Middle East-owned Currie & Brown’s boss says takeover is ‘vote of confidence’ in UK post-Brexit vote

Euan McEwan

The historic Sweett brand will be dropped within two months of the consultant’s takeover by Currie & Brown, the buying firm’s chief executive Euan McEwan has told Building.

McEwan (pictured) was speaking ahead of his Middle East-owned firm’s £29m offer for Sweett Group going “unconditional” on Tuesday, after it purchased 89% of its shares, taking it over the 75% threshold needed to seal the deal.

The takeover is set to complete next month and will de-list Sweett from the AIM arm of the London Stock Exchange after nine years. The takeover – which will create a combined company of over 2,000 employees – ends nearly 90 years of independence at Sweett.

Rival bidder WSP Parsons Brinckerhoff had already formally quit the race to buy Sweett in June, after being gazumped by Currie & Brown’s higher offer.

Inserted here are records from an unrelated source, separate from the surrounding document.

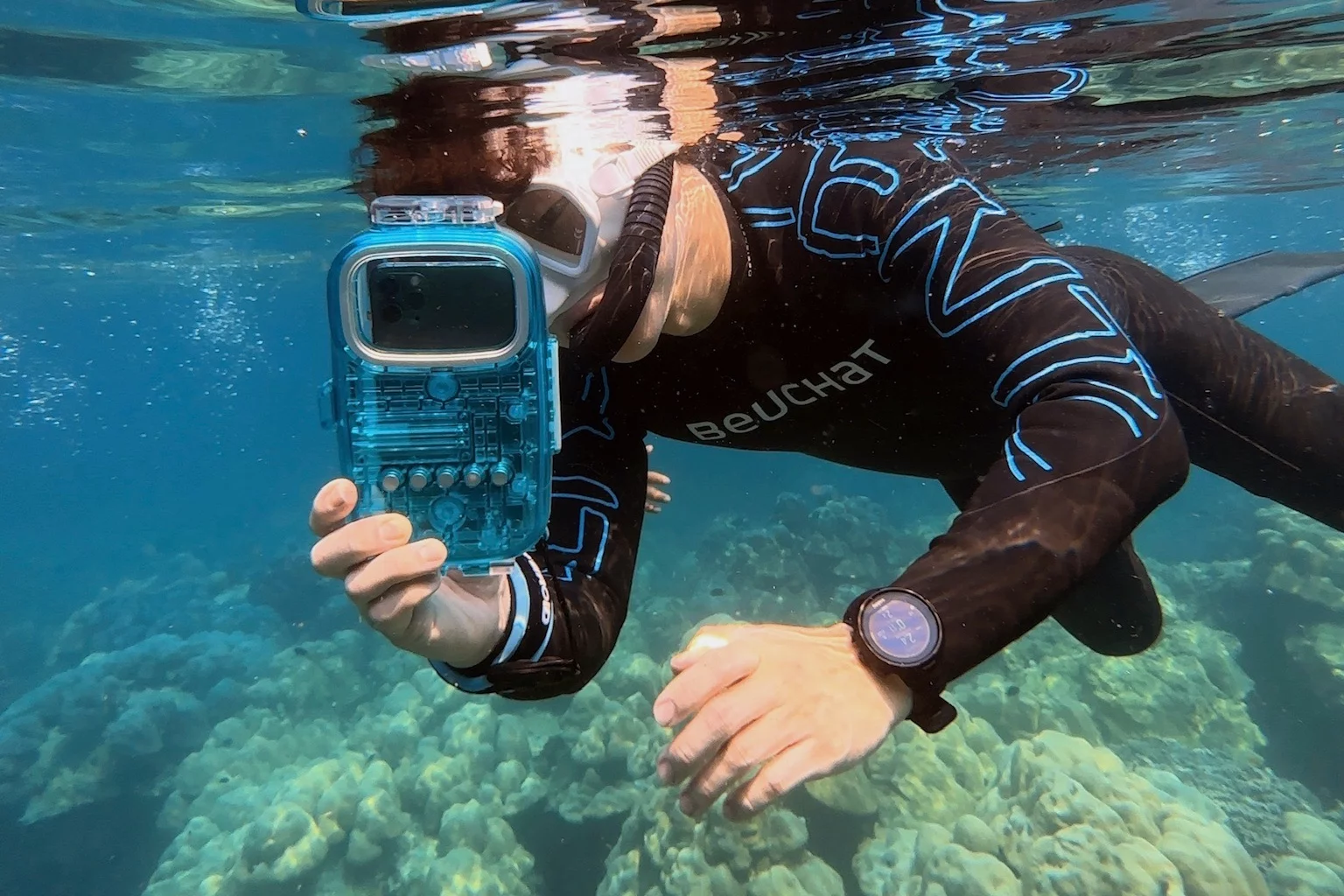 The Universal Lite is presently on Kickstarter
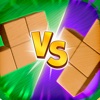 Blocks Clash - PvP Wood Block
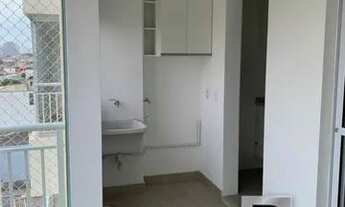 Imagem 4: Apartamento novo para venda ou locação varanda Gourmet Mooca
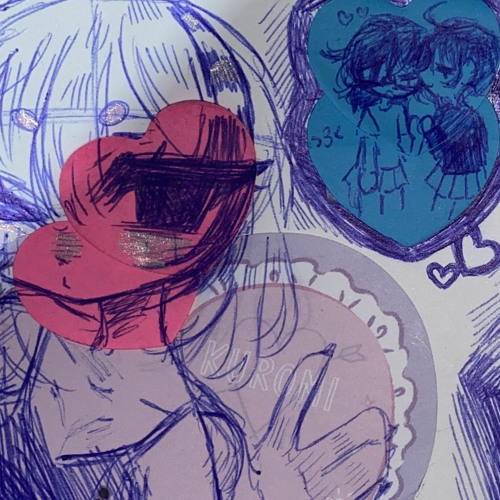 Something Original FINALLY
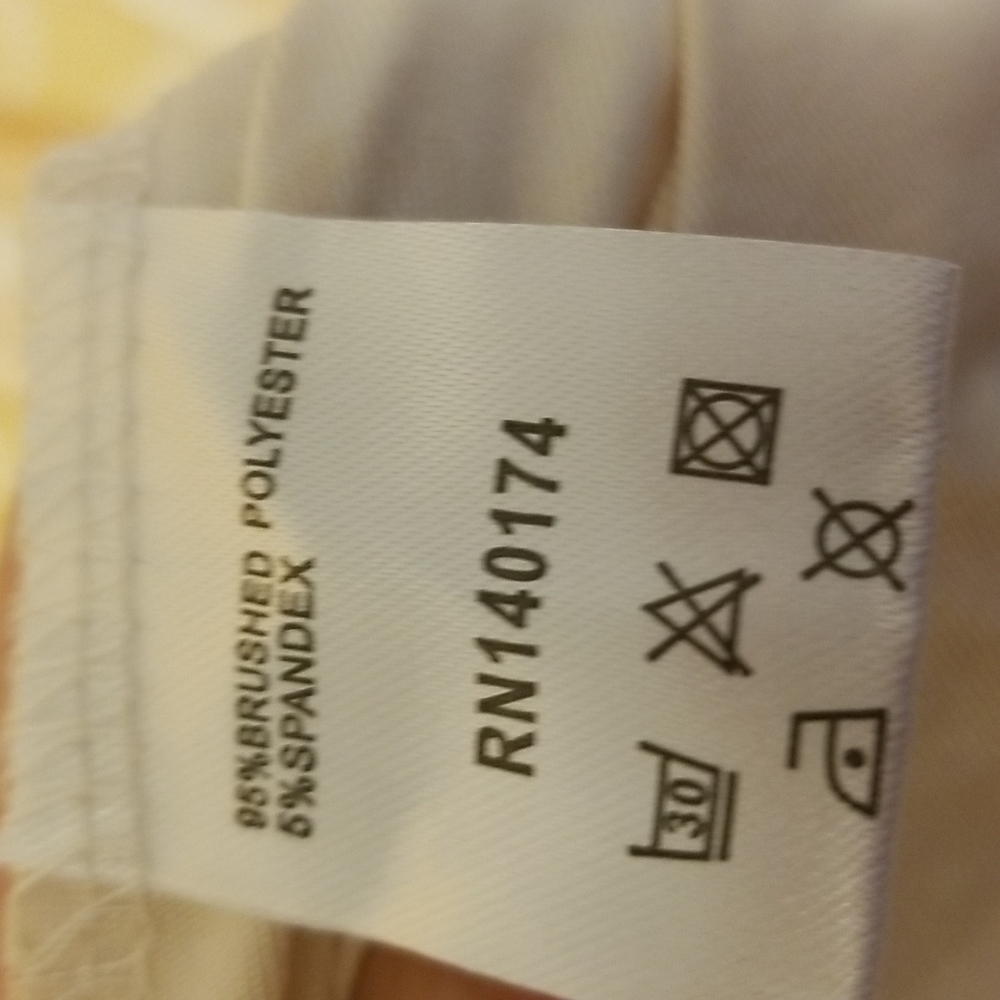 Beautiful Tea Length Dress - Picture 5 of 5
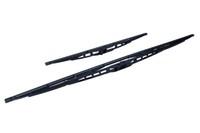 Maxgear 39-1016 Wischerblatt FüR Daihatsu, Fiat, Ford, Great Wall, Honda, Kia,
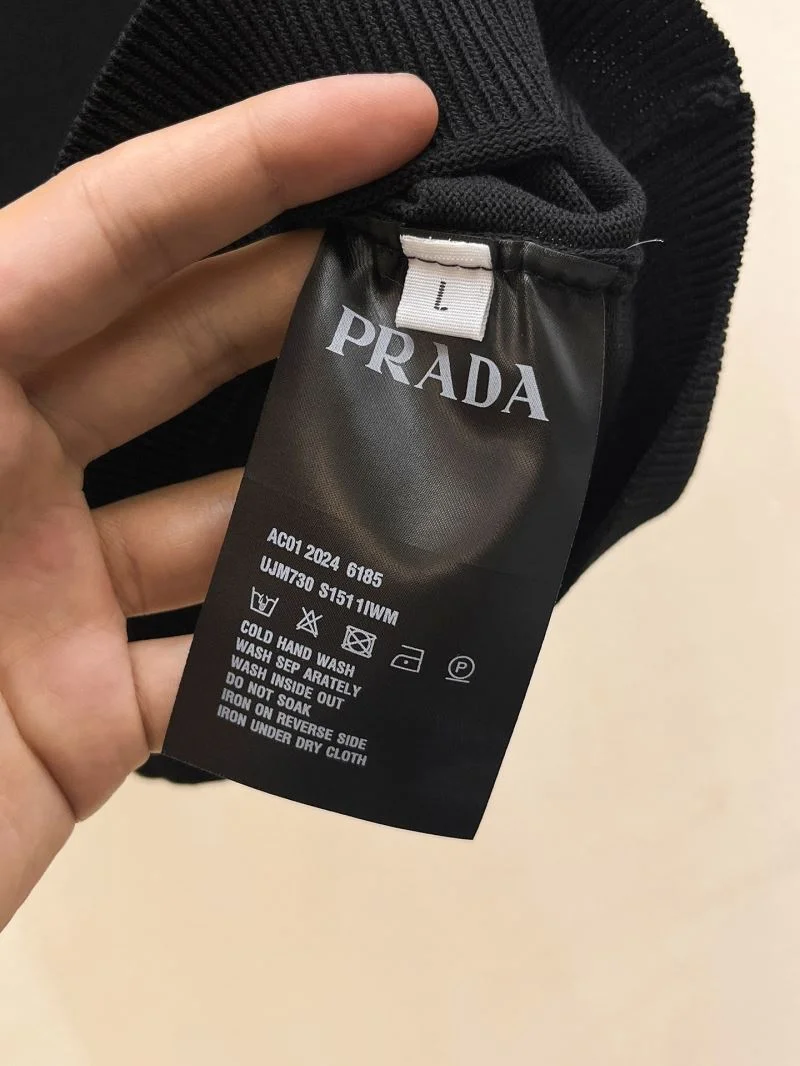 MultiPurpose Prada T-Shirts 168375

McEwan said Currie & Brown will move swifty to end the Sweett brand as “you can’t have two names in the same marketplace”.

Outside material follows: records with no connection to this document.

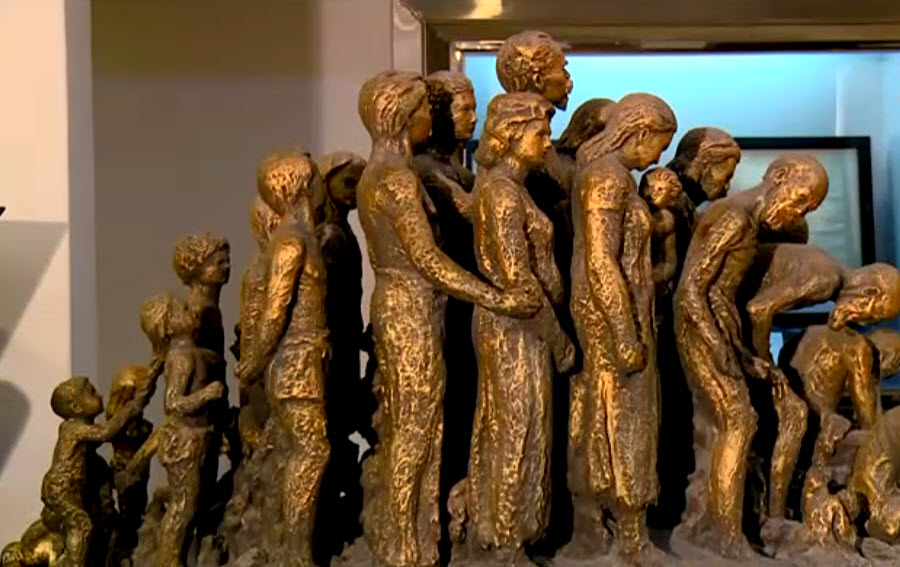 Azerbaijan Museum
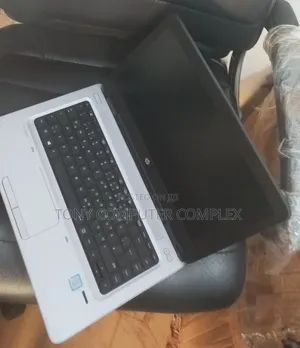 Laptop HP ProBook 640 G2 8GB Intel Core i5 HDD 500GB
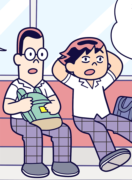 季節変わりのダメージをツボ押しでリセットしよう。 季節変わりのダメージをツボ押しでリセットしよう。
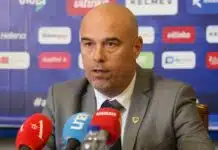 Milan Tegeltija: Borac je četvrti najgledaniji klub u regionu, a Željezničar… Milan Tegeltija Borac Je Cetvrti Najgledaniji Klub U Regionu A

He said the firm was attracted to the deal by “Sweett’s team and their strength in the UK”.

McEwan described the acquisition as a “vote of confidence” in the UK by its parent company, Middle East-based Dar Group, post-EU referendum. The firm’s £29m offer for Sweett was first announced on 24 June, the day the UK’s decision to vote for Brexit was announced and the country lost its prime minister.

McEwan said: “Dar is very positive about the UK […] You get on with it. There will be opportunities coming out of Brexit.”

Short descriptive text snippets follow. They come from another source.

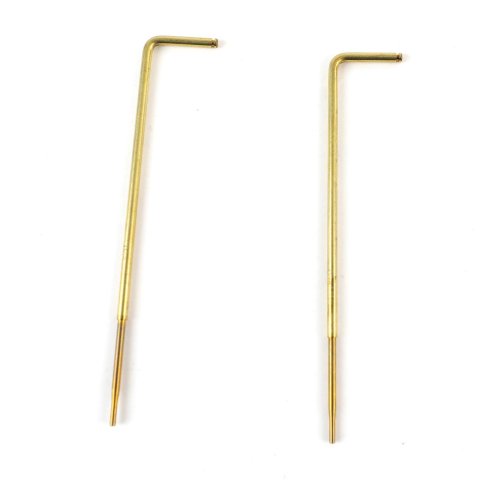 Edelbrock Rods 063 X 047 1-Pr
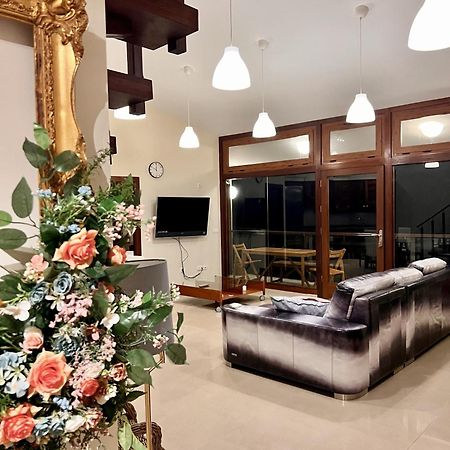 Casa Maricarmen Villa Такоронте Екстер'єр фото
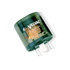 091216 by VELVAC - Multi-Purpose Flasher - 3 Terminals, Clear Smoke, 1-10 Lamp Rating, 60-120 Flash Rate FPM, 25 Amp Rating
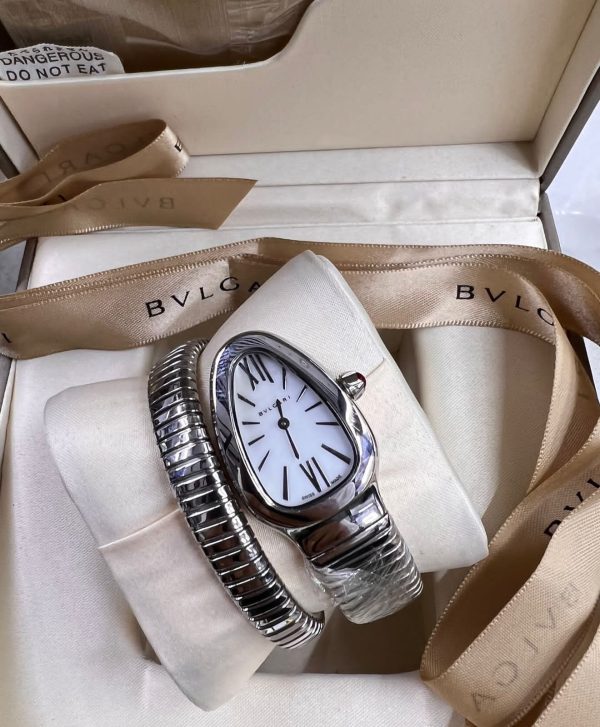 Bvlgari Serpenti Tubogas Watch - Image 6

McEwan said he expected further major M&A deals within construction consultancy and for the market to reduce to a “big four or five players”, like in accountancy.

He said: “I’m an accountant as well as an engineer and we went through this in the mid-1980s. It makes sense to consolidate to match up services with clients around the world.”

He said Currie & Brown’s strategy was primarily to “continue to grow organically” but further M&A “might be” part of the picture.

Sweett’s board of directors - including chief executive Douglas McCormick - will step down once the deal completes.

Currie & Brown had already acquired Sweett’s struggling Asia Pacific businesses in a deal agreed late last year and concluded in June. This purchase had been delayed by a disagreement between the two parties over the impact of currency fluctuations on the takeover price, which was resolved after a decision from an independent arbitration.

Currie & Brown has said it believes cost savings can be made at Sweett, principally through de-listing and cutbacks in property, back office and shared services. 

Dar Group also owns architect Perkins + Will.